The web site could then use the results from calling these services to update a status dashboard. It could use AJAX to call the services, on all the data centers, asynchronously.

This gets slightly more complicated if you need to incorporate actions based on the status of the data center. For instance, you might need a button to start a database if the database is found to be down.

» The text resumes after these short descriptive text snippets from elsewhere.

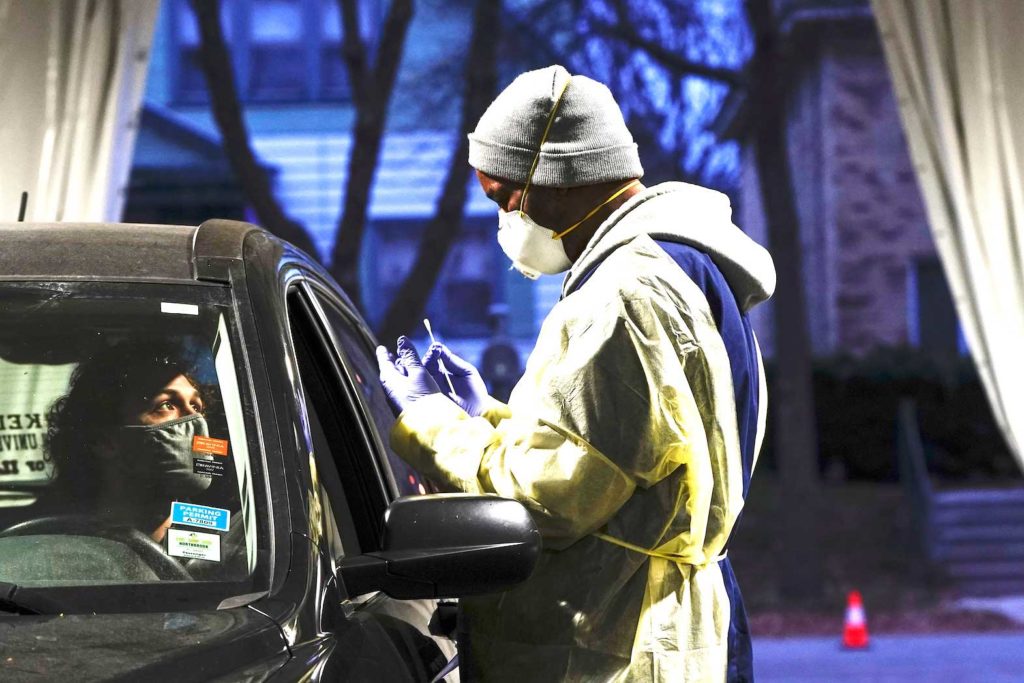Certified nursing assistant (CNA) Jermaine LeFlore prepares to take a patient's nasal swab at a drive-thru testing site outside the Southside Health Center as the coronavirus disease (COVID-19) outbreak continues in Milwaukee, Wisconsin, U.S., October 21, 2020. REUTERS/Bing Guan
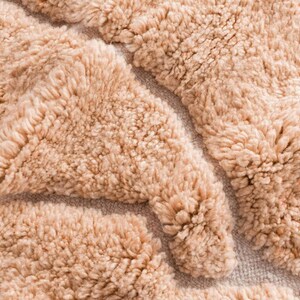 Minimalist Moroccan rug in a warm peach shade with modern geometric lines, perfect for Pinterest-inspired interiors. Handmade soft wool texture for cozy bedroom decor, stylish living rooms, or aesthetic content creator setups. This rug screams soft luxury, quiet comfort, and effortless viral style. Ideal for boho homes, apartment styling, and Instagram-worthy vibes.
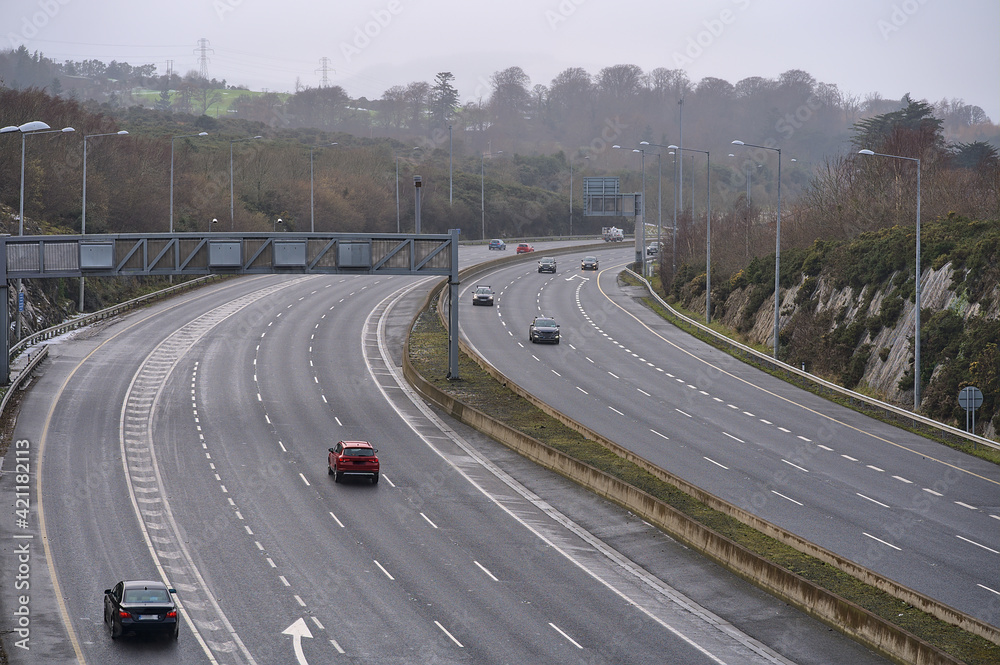 Coronavirus causing empty highways. Free motorway during the COVID-19 quarantine, Dublin, Ireland, January 2020. Photo taken in the early evening, when usually the road is very busy Coronavirus causing empty highways. Free motorway during the COVID-19 quarantine, Dublin, Ireland, January 2020. Photo taken in the early evening, when usually the road is very busy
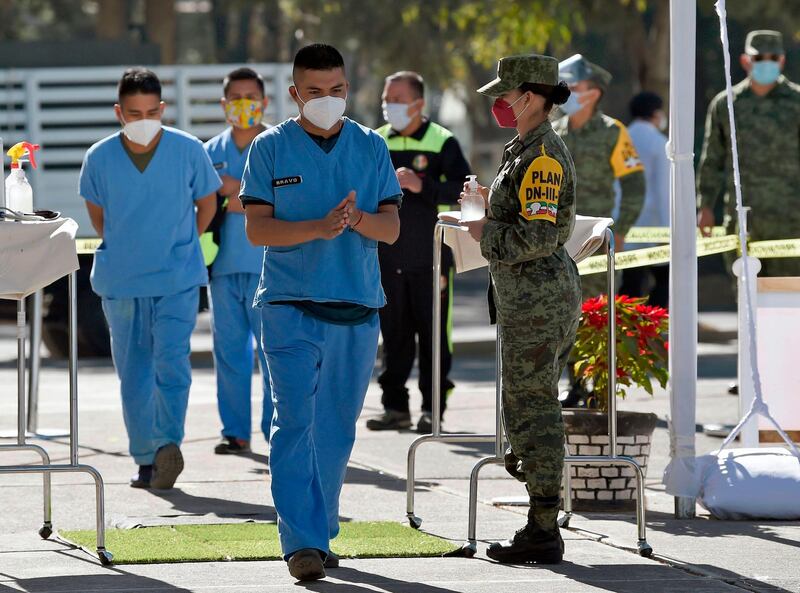 Medical personnel from different institutions arrive to be vaccinated with the Pfizer/BioNTech vaccine against the COVID-19 novel coronavirus, at the Military Field Number 1A in Mexico City. Mexico will first apply the vaccine to all health personnel and the elderly as part of their mass immunization program. AFP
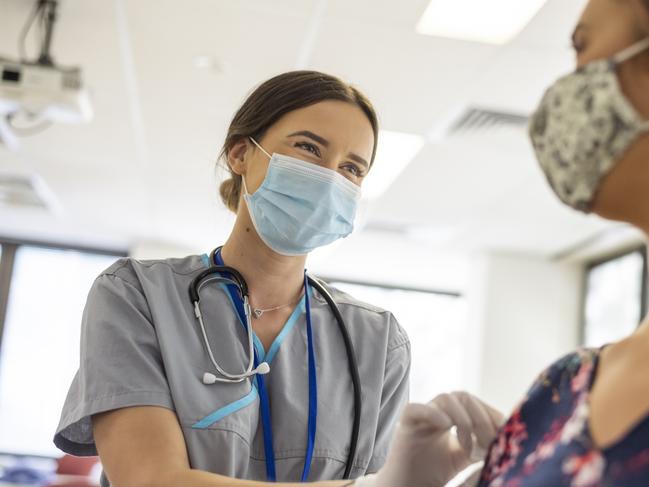 Shot focused on a kind looking nurse wearing scrubs, a stethoscope, white rubber gloves and a protective face mask. She is smiling at the nervous patient with her eyes. The nurse is prepping the patients arm before she injects her with the COVID-19 vaccine.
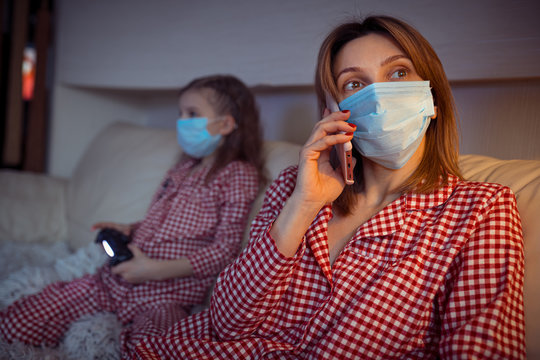 Woman With Little Kid At Home Isolation Auto Quarantine Wearing Face Mask With Smart Phone For Reading Information About Coronavirus Disease 2019.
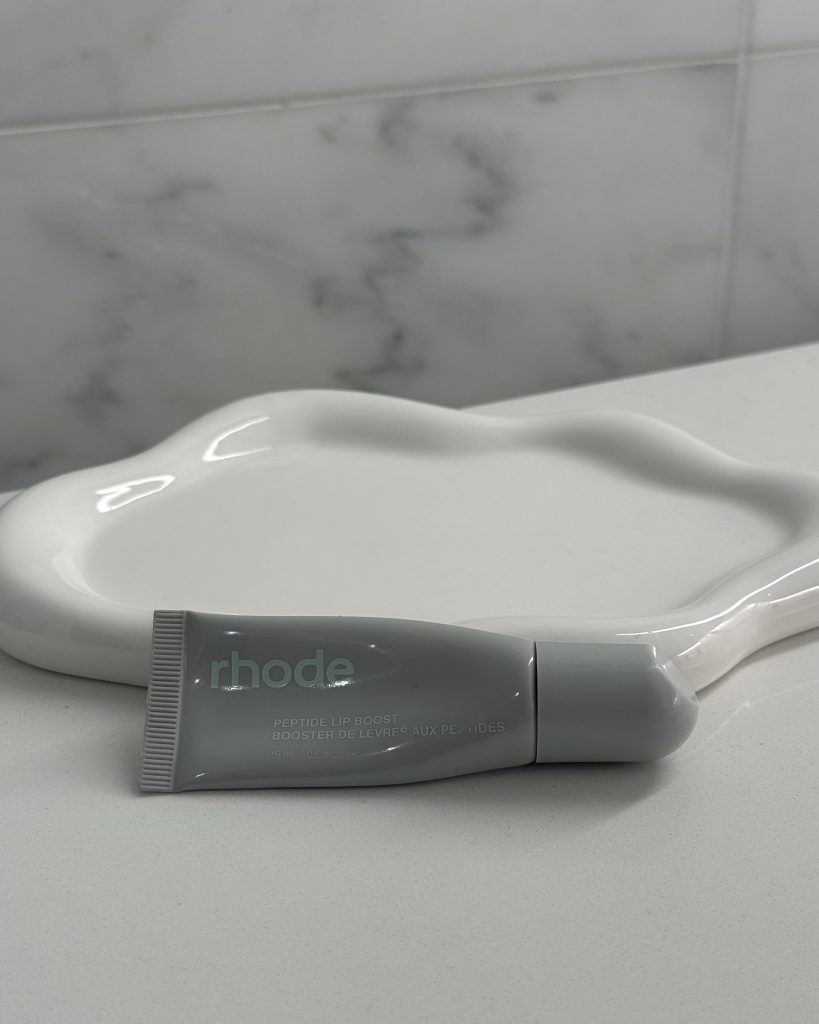 rhode Peptide Lip Mask tube on a marble background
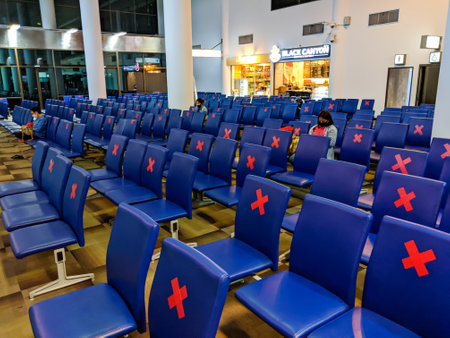 SURAT THANI, THAILAND - JUNE 05 2020: Rows of empty seats with social distancing closures in the departure lounge of Surat Thani International Airport. Thailand has resumed domestic flights with social-distancing measures following the Coronavirus worldwiのeditorial素材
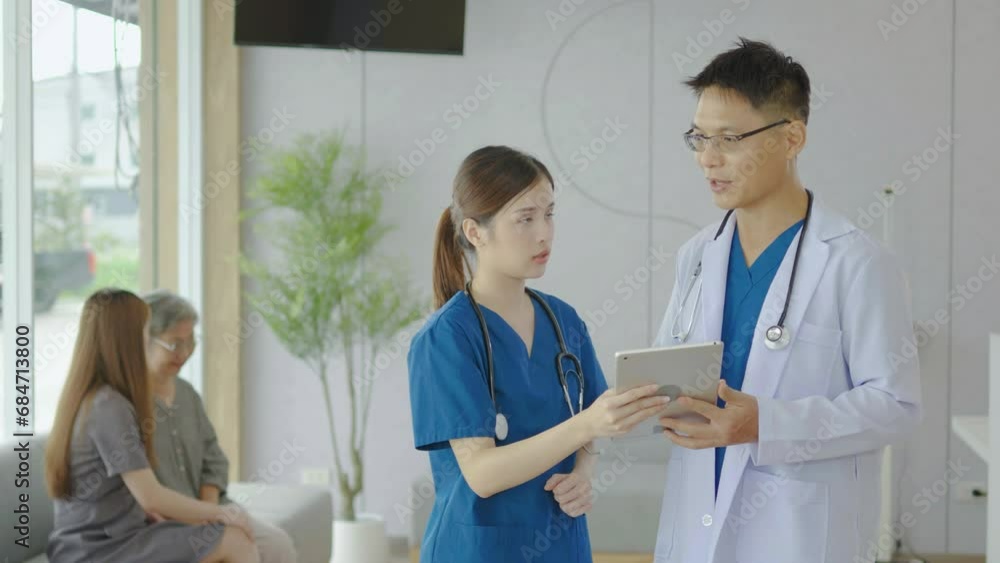 Doctor, nurse and tablet for talking in hospital of strategy for patient diagnosis. Medical professional, collaboration and chart on clipboard, There was a patients looking for a doctor behind him Doctor, nurse and tablet for talking in hospital of strategy for patient diagnosis. Medical professional, collaboration and chart on clipboard, There was a patients looking for a doctor behind him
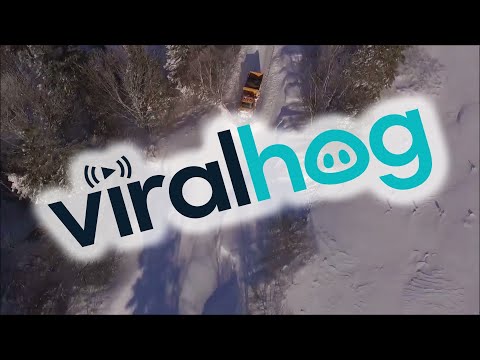Snowplow Clears Deep Heavy Snow After Storm || ViralHog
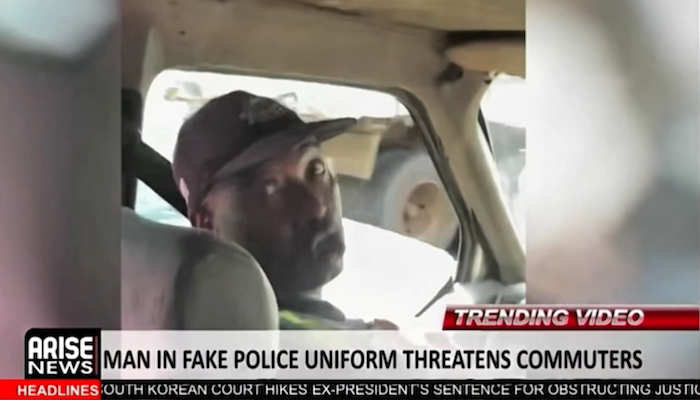 Police review viral footage of a man in police attire accused of threatening passengers on a bus in...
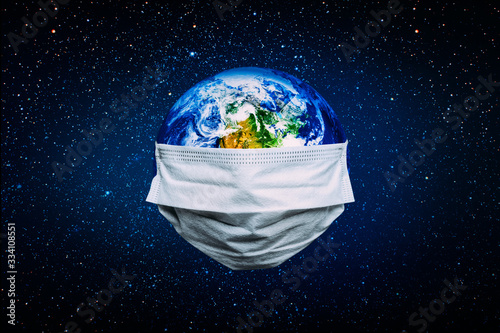 Fototapeta Naklejka Na Ścianę i Meble -  The whole earth is quarantined, the earth is wearing a mask Coronavirus and Air pollution pm2.5 concept. COVID-19 Elements of this image furnished by NASA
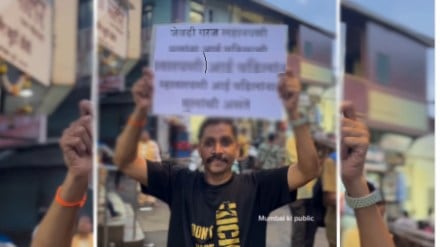 Boy hold poster of parents love in front of road photo goes viral on social media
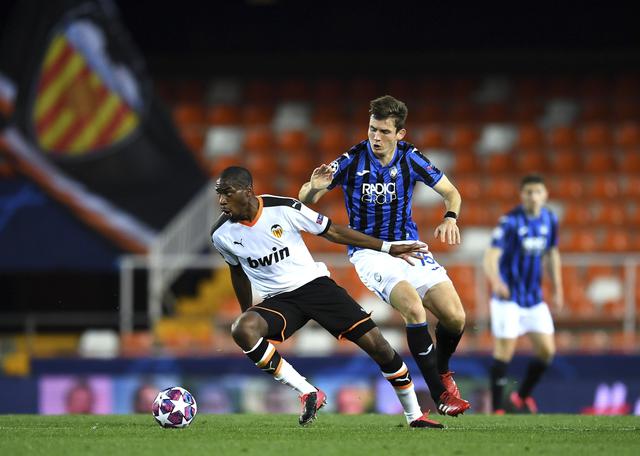 Valencia's Geoffrey Kondogbia, left, duels for the ball with Atalanta's Marten de Roon during the Champions League round of 16 second leg soccer match between Valencia and Atalanta in Valencia, Spain, Tuesday March 10, 2020. The match is being in an empty stadium because of the coronavirus outbreak. (UEFA via AP)
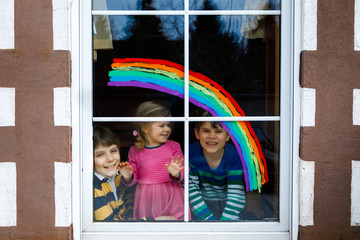 Three kids, two school kids boys and toddler girl with rainbow painted with colorful window color during pandemic coronavirus quarantine. Children painting rainbows with the words Let's all be well.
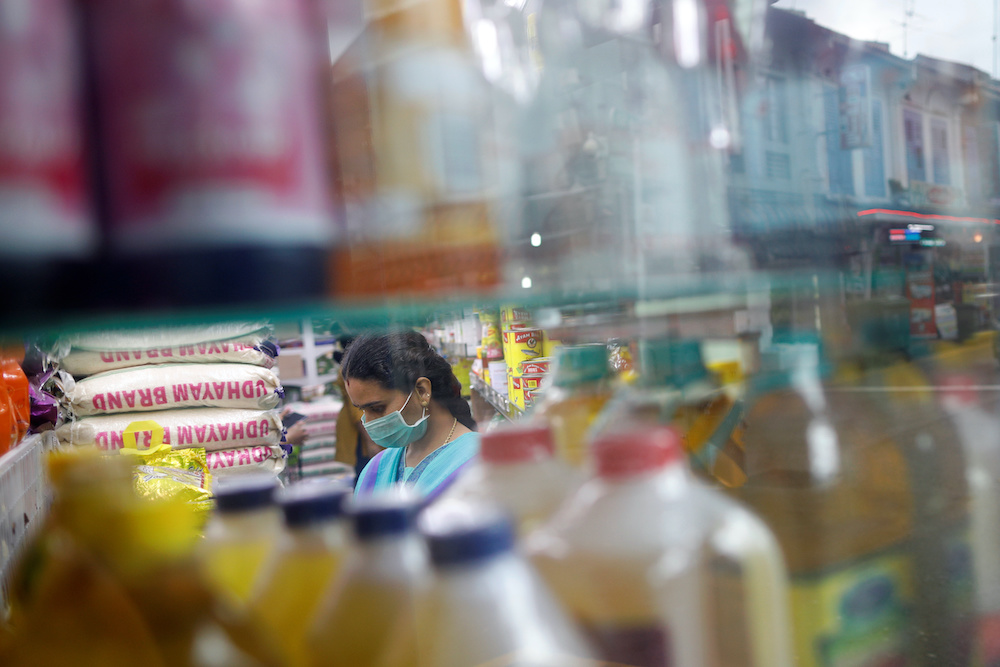 A woman wears a face mask at a shop in Little India district, as the spread of coronavirus disease (Covid-19) continues, in Singapore, April 2, 2020.u00e2u20acu201d Reuters pic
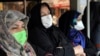 Commuters wear masks to help guard against coronavirus on a public bus in downtown Tehran, February 23, 2020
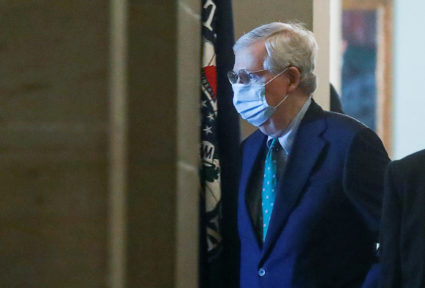 U.S. Senate Majority Leader Mitch McConnell (R-KY) wears a protective mask as he arrives at his office inside the U.S. Capitol after senators returned to Capitol Hill amid concerns that their legislative sessions could put lawmakers and staff at risk of contracting the coronavirus in Washington, U.S., May 4, 2020. Photo by REUTERS/Leah Millis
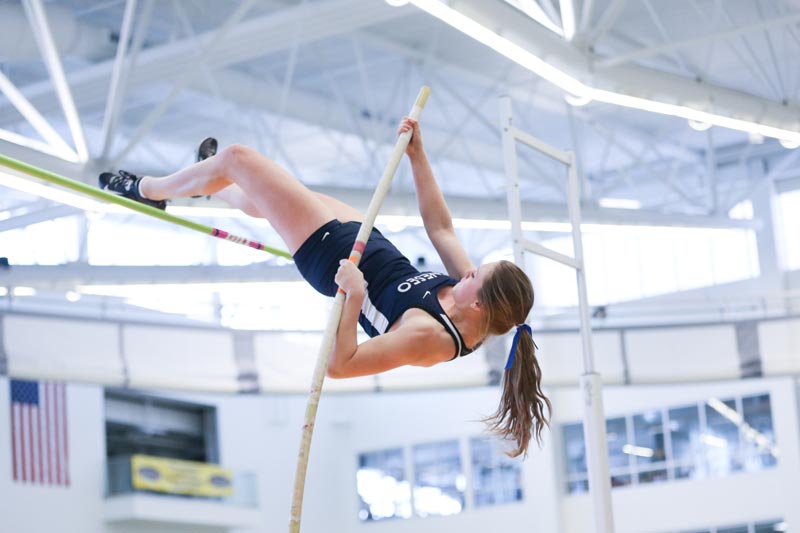 A SUNY Geneseo pole vaulter vaults over the bar. A SUNY Geneseo pole vaulter vaults over the bar.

EDIT: I also want to make sure that you are aware of products like the System Center products from Microsoft. They may be overkill for what you're doing, but they do provide a standard, flexible mechanism for monitoring data center status, and for taking action to correct problems. Also, see http://www.codeplex.com/dfo.

John Saunders
Ok, this makes a lot more sense. So for example Data Center #1 is running a SQL Server. Data Center #2 is running IIS. When a user accesses the health status site, it will trigger the web services located in Data Centers #1 and #2. Data Center #1 attempts to log into the database, then returns success/failure. Data Center #2 checks if IIS is running then returns the status. Will this method also allow me to see if the web services are down due to not receiving a reponse?
Tony Trozzo
It will, but I suggest you add a specific "health" criterion for that. Add a "AreYouUp" operation to the web services. That operation should just return true. If _that_ times out, you can be fairly sure the web service is "down".
John Saunders
One other quick question. I've read that ASP.NET AJAX had issues with calling external web services. Do you know if this is still an issue?
Tony Trozzo
This isn't unique to ASP.NET, it's how most browsers implement the XmlHttpRequest objects. By default, they only allow call backs from the same domain. You can get around this by using a local proxy, that calls the remote web services.
Zachary
AJAX has no problem with "external" services; it just needs to be configured to call a service in a different domain than the web page. Put the two in the same domain (on the same service, for instance), and there will be no problem.
John Saunders
+1  A: 

I also wanted to mention that IPSwitch makes a product called "WhatsUpGold" that does exactly this. I've been using it for the past 4 years and it can probably do everything you need out of the box. Most importantly, it's very cost effective! I'm a version behind, since I didn't need any of the new features! It supports a distributed multi-site network (agent at each site monitors status/health and reports back to your main location/hub).

*As John mentioned above, the key to monitoring a device's status is defining it's health. Just getting a status of up or down is not enough, since many other things; ping latency, disk utilization, cpu utilization, etc... will be based on your unique environment.